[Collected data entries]

<<<<

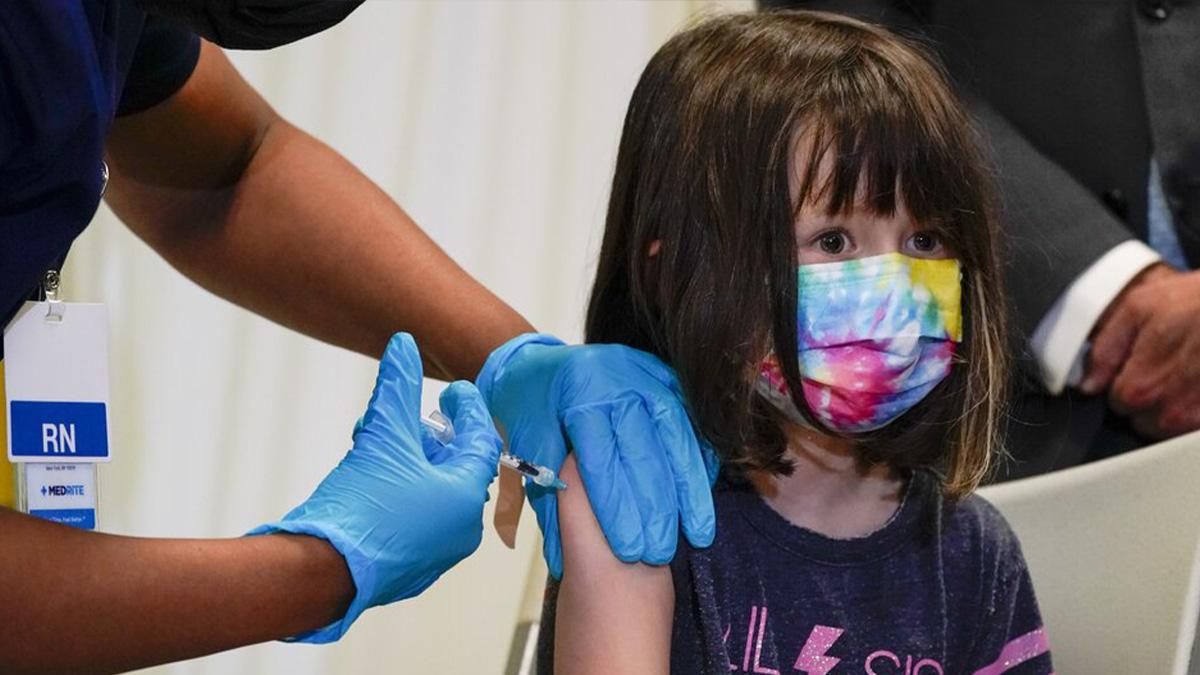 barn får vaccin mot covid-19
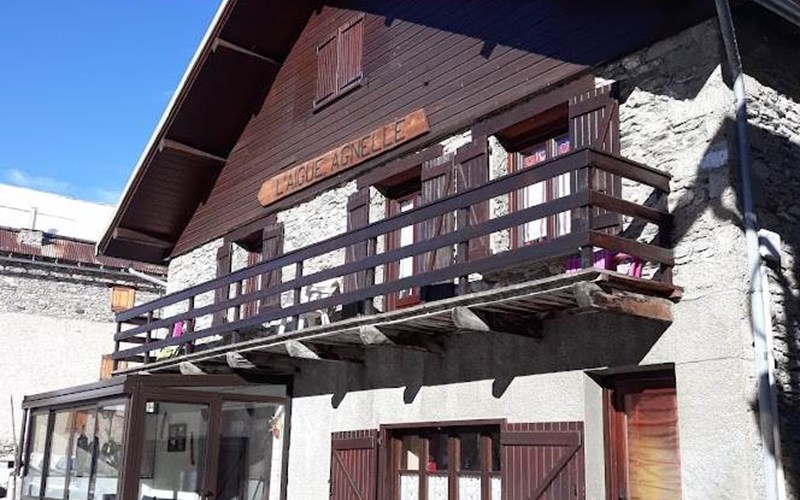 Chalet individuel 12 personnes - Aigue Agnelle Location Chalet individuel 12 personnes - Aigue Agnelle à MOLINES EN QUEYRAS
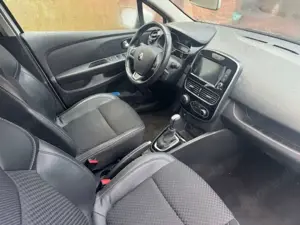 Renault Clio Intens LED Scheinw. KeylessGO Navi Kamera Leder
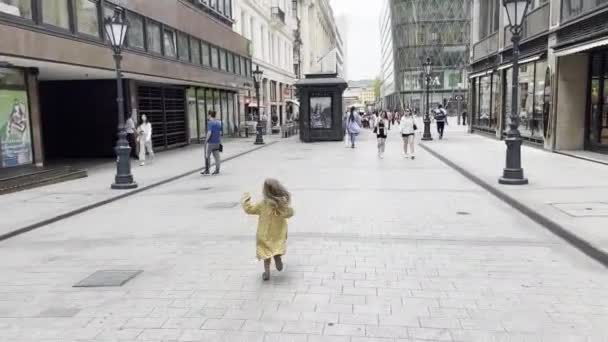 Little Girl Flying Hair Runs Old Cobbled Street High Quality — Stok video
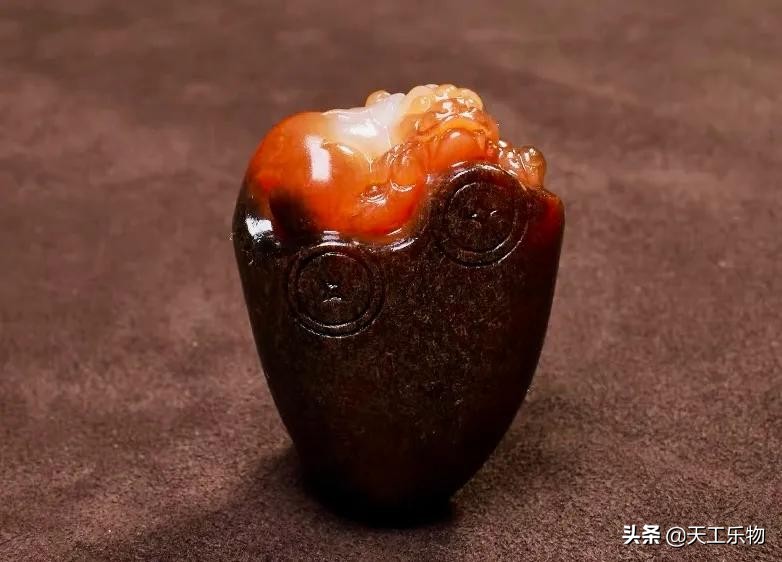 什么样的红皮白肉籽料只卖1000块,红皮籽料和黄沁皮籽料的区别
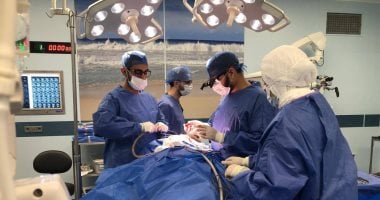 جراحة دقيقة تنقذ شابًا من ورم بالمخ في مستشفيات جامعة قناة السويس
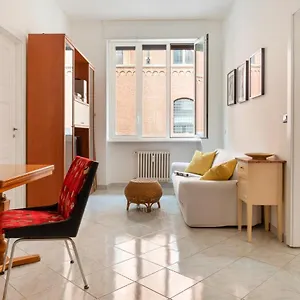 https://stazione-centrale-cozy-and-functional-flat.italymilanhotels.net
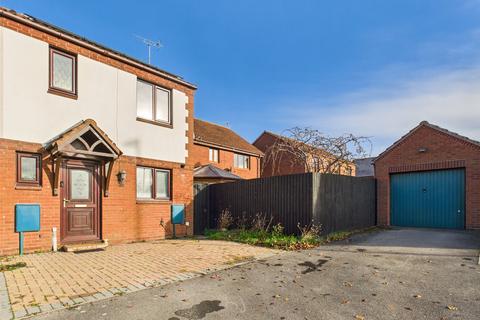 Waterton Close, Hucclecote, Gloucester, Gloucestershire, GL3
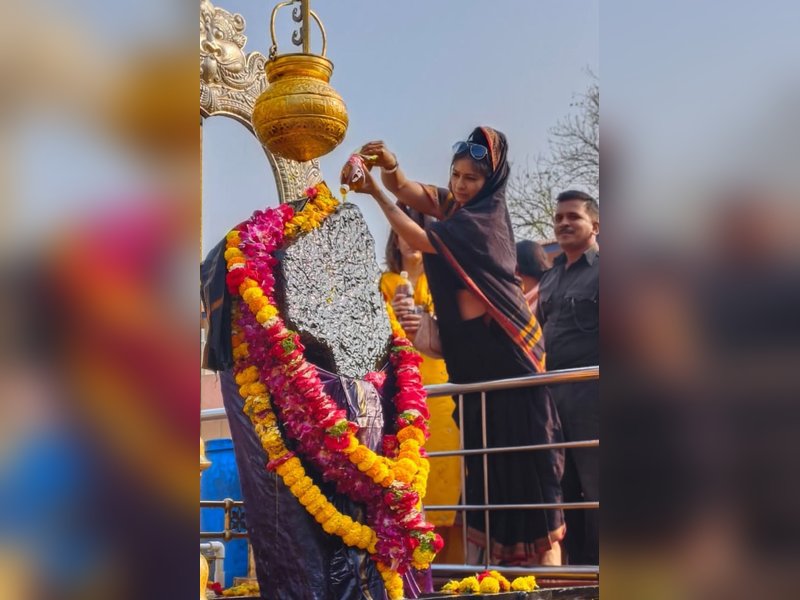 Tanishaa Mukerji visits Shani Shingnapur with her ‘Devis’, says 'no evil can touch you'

>>>>
<<<<

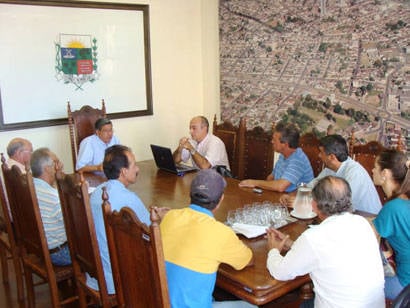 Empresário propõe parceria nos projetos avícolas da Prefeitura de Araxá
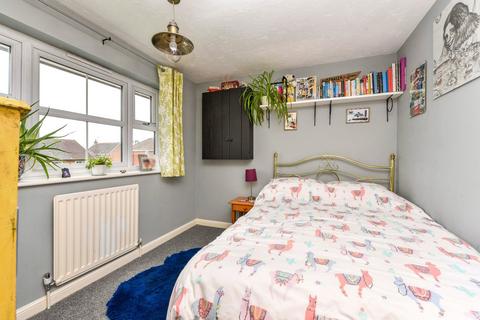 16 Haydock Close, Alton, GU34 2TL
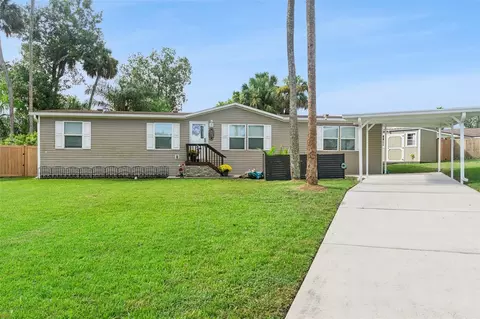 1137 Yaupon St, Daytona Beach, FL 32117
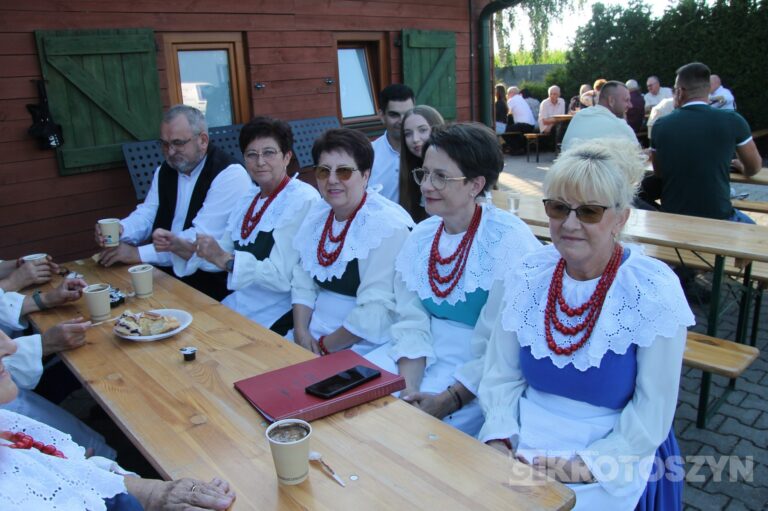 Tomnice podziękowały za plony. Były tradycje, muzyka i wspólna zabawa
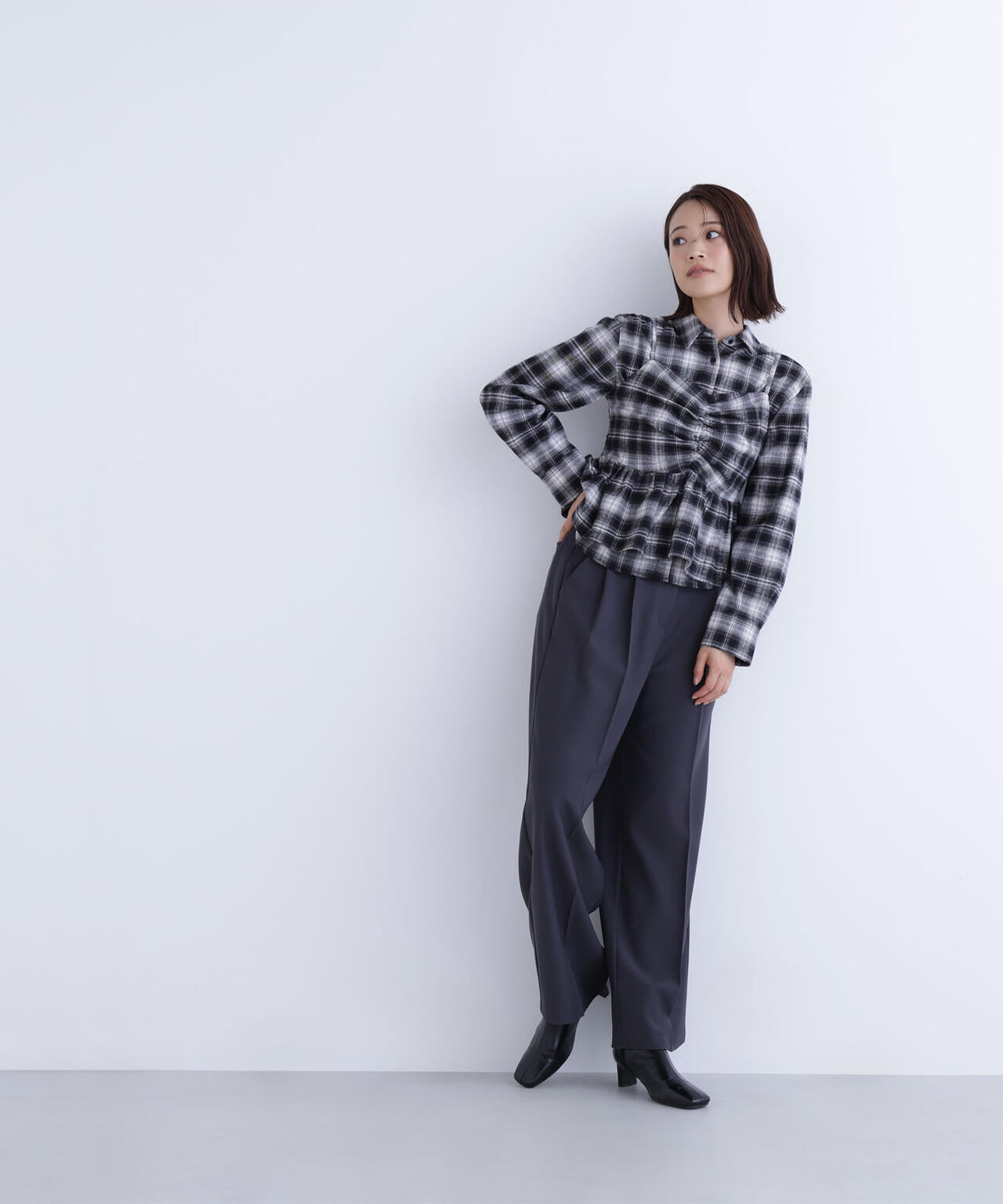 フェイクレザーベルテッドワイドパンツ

>>>>
<<<<

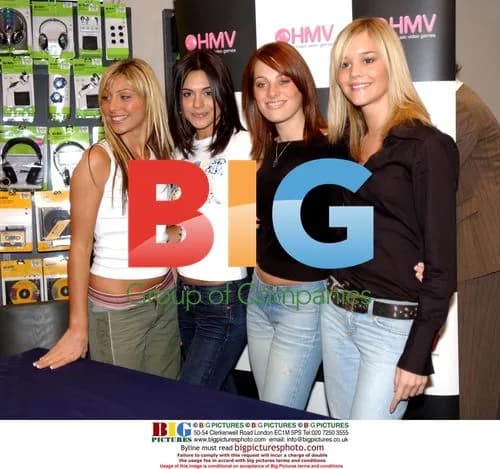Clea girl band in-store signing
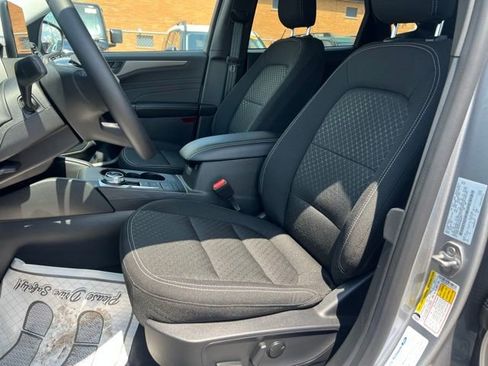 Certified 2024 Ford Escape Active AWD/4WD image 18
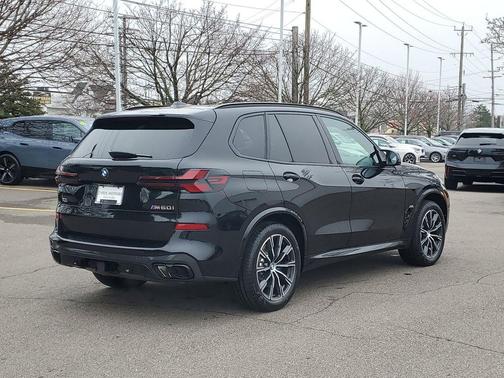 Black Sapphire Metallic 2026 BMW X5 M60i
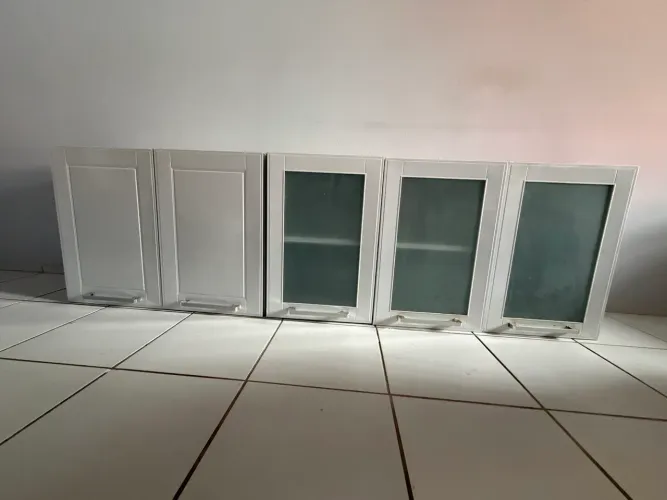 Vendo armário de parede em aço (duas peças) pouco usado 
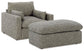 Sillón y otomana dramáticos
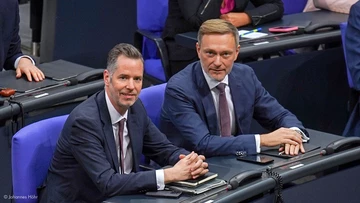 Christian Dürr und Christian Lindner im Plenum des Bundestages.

>>>>

An exact copy is needed of the stretch above that opens with the line containing "barn får vaccin mot covid-19" and closes with the line containing "Tanishaa Mukerji visits"; the pictures are not part of it.

 barn får vaccin mot covid-19
 Chalet individuel 12 personnes - Aigue Agnelle Location Chalet individuel 12 personnes - Aigue Agnelle à MOLINES EN QUEYRAS
 Renault Clio Intens LED Scheinw. KeylessGO Navi Kamera Leder
 Little Girl Flying Hair Runs Old Cobbled Street High Quality — Stok video
 什么样的红皮白肉籽料只卖1000块,红皮籽料和黄沁皮籽料的区别
 جراحة دقيقة تنقذ شابًا من ورم بالمخ في مستشفيات جامعة قناة السويس
 https://stazione-centrale-cozy-and-functional-flat.italymilanhotels.net
 Waterton Close, Hucclecote, Gloucester, Gloucestershire, GL3
 Tanishaa Mukerji visits Shani Shingnapur with her ‘Devis’, says 'no evil can touch you'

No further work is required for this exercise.